ELT was developed to leverage the power of the modern data stack to help perform those transformations as close to the data as possible, cutting down on resources (and cost) and vastly speeding up the entire process.
Never happy to rest on its laurels (or do with just two confusingly similar acronyms) the data community has developed a third, hybrid process known as… EtLT.
ETL vs ELT — Which is better?
Before we discuss EtLT, let’s just quickly summarize ETL and ELT and when you should use each and why.
Ask a dozen different Solution Architects this and we’re sure you’ll get a dozen different answers.
The truth is, you can’t say definitively which is better, as it very much depends on context and the result you’re trying to achieve.
The biggest difference is obviously when the data gets processed with the other being in their performance and scalability.
ELT is generally considered more a performant and scalable solution than ETL, whilst ETL is thought to be more resource-intensive, requiring the moving and transforming of data before it can be loaded into a target system… leads to greater latency and longer processing times.
It’s more suitable for situations in which the data needs to be transformed, cleaned, or otherwise sanitized before it can be loaded into the target system such as when dealing with data from multiple sources which may have different structures, schemas, and formats.
ETL, on the other hand, is much more suitable for situations in which the data is already in some sort of semi structured format and doesn’t need significant cleaning and transformation and where the focus is on loading the data as quickly as possible for real-time analysis and reporting or situations in which the data needs to be arranged into a useable format.
What is EtLT?
Now on to the main point of this blog…
Although still very new, many consider EtLT to be the best of both worlds.
Although ELT offers anyone looking for rapid ingestion of data a huge boost in performance, anyone who’s tried to rely solely on it within their solution will tell you it sometimes struggles to meet data security and compliance needs, especially anything requiring you to hide, remove or encrypt PHI and PII data.
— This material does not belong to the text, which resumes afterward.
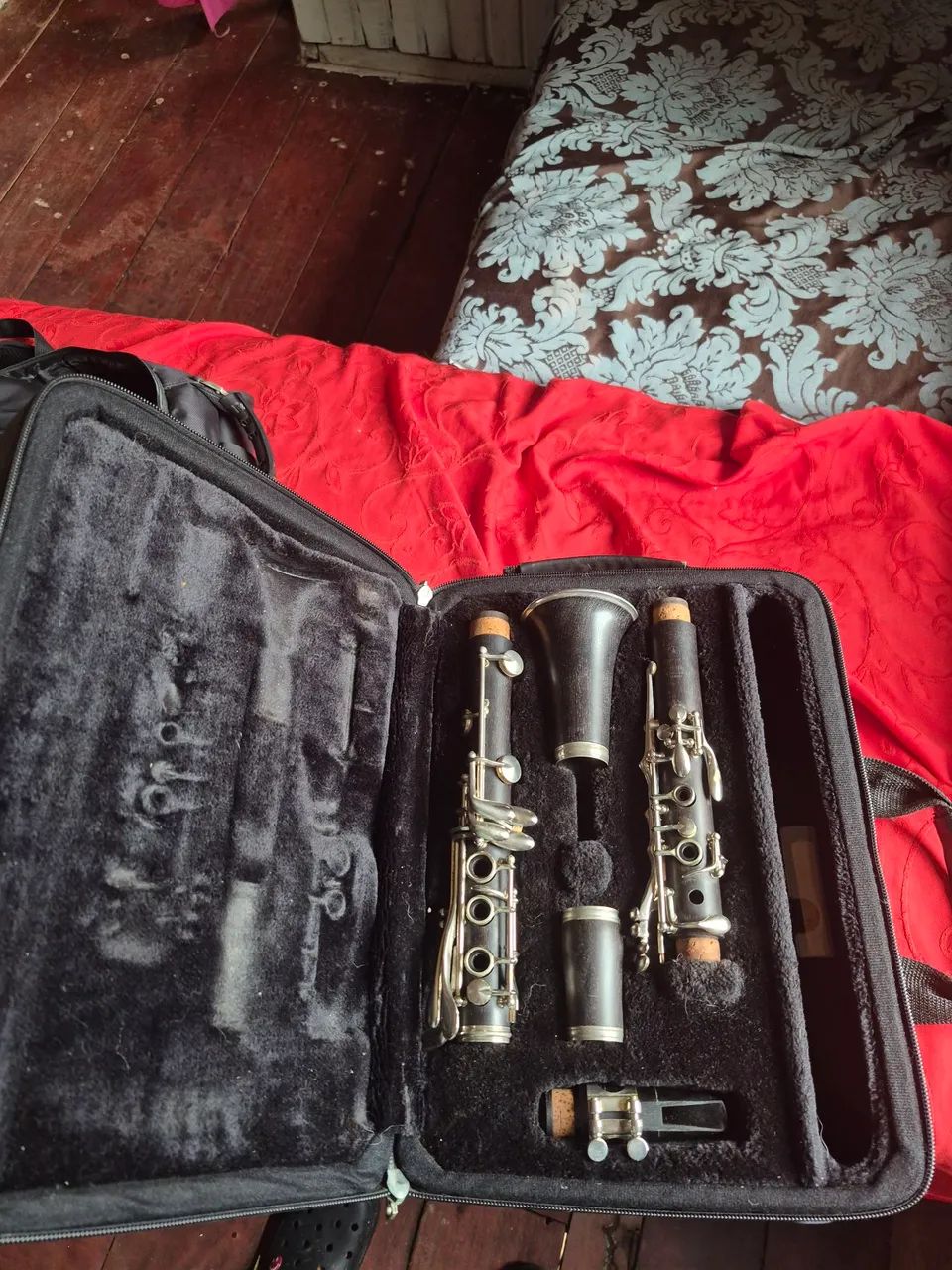 Clarinete sib  profissional  - Foto 3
As important as fast analytics are (and they are important in this world of Big Data), sometimes speed has to be sacrificed for security concerns… or does it?
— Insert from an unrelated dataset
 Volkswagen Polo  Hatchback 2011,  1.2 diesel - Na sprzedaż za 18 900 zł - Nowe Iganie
That’s where EtLT comes in: Extract, transform, Load, Transform (although as it’s still so new we’ve also seen it called Extract, Tweak, Load, Transform).
It’s a hybrid or best of both worlds approach that is both fast and ensures data quality when it comes to sensitive information for compliance and regulation.
So how does it work?
Extract: The raw data is ingested from your various sources and databases and placed into your staging area.
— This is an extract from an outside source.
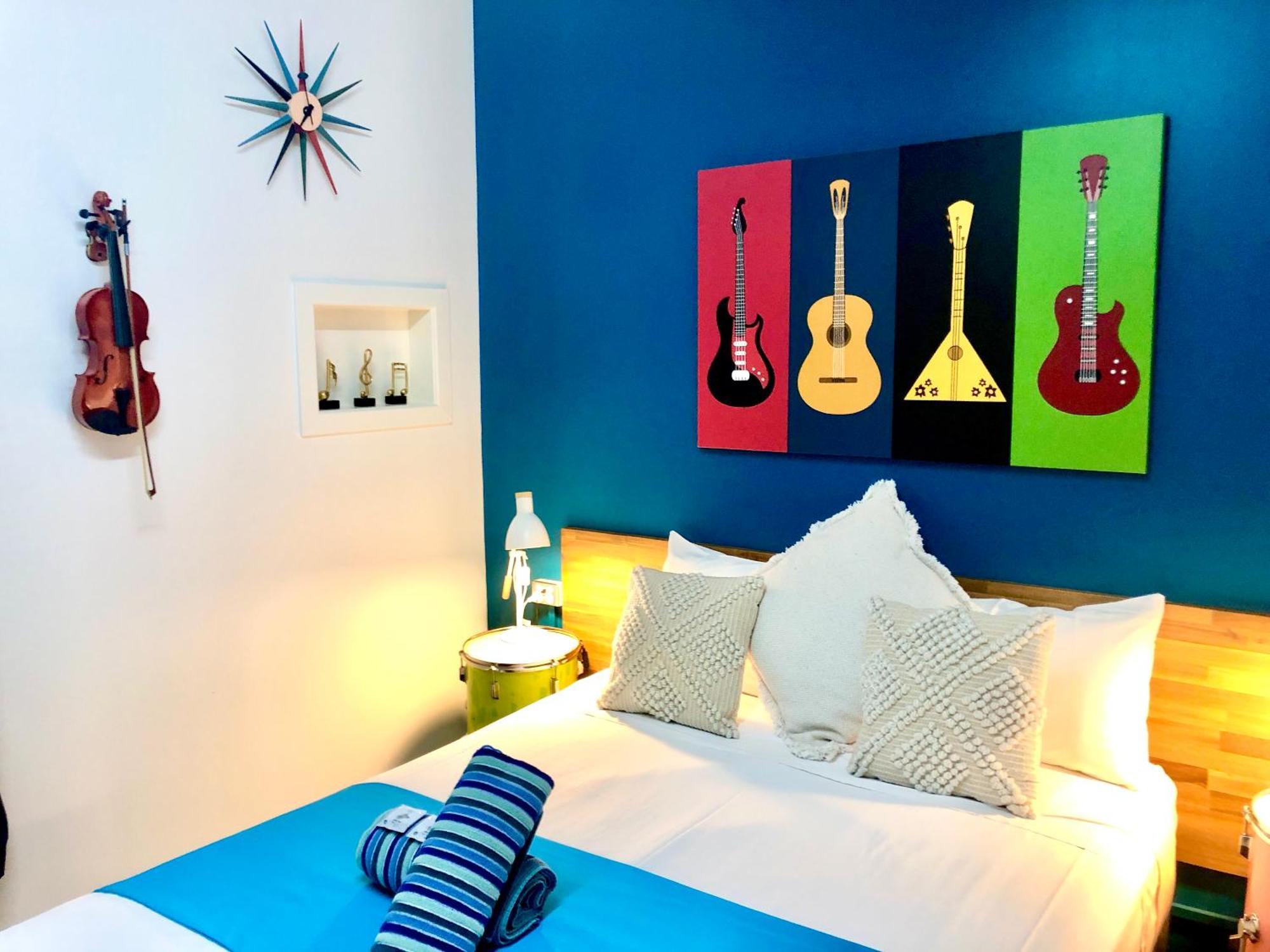 Acacia Motel Чинчила Екстериор снимка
Transform: The first round of transformation is the transformation ‘lite’ stage, in which PHI, PII or other sensitive data is removed or encrypted, usually one data source at a time. That makes these transformations fast (as they’re relatively simple) as the data is transformed independent of other sources. At this point the data from said sources isn’t integrated together… that won’t happen till the next stage.
Load: The newly prepared data is loaded into your waiting Data Warehouse.
Transform: The data is now transformed and fully integrated within your Data Warehouse, actually using the data warehouse to process those transactions, integrating all your multiple data sources into a cohesive whole.
The reason EtLT is gaining popularity with many data engineers running modern data stacks is that it lets them ingest data from a plurality of sources, sensitive or not, thanks to that first, ‘lite’ transformation stage.
Those transformations are simple to set up, incredibly fast to process and answer ELT’s biggest flaw by satisfying most, if not all regulatory and governance security compliance concerns.
To increase speeds even further, your complicated, multi-source transformations can still happen within your Data Warehouse.
Benefits of EtLT or when to use EtLT
As you’ve probably already recognized, EtLT is most useful when an organization is trying to achieve sub-second analytics but has security concerns about the data; needing to mask, remove or encrypt parts, if not all of it.
If your organization’s governance, whether that be set internally or due to a nation’s data laws, requires preload transformations then EtLT is probably the solution you’ve been looking for.
EtLT is secure — meeting data security and compliance requirements
It engenders a much higher level of customer trust
It’s fast — you don’t have to sacrifice security for speed as you would with the old ETL vs ELT debate
It also offers you a lot more flexibility in your end solution; giving you the ability to change the way you transform data post-load to better suit different analytics you might need to run.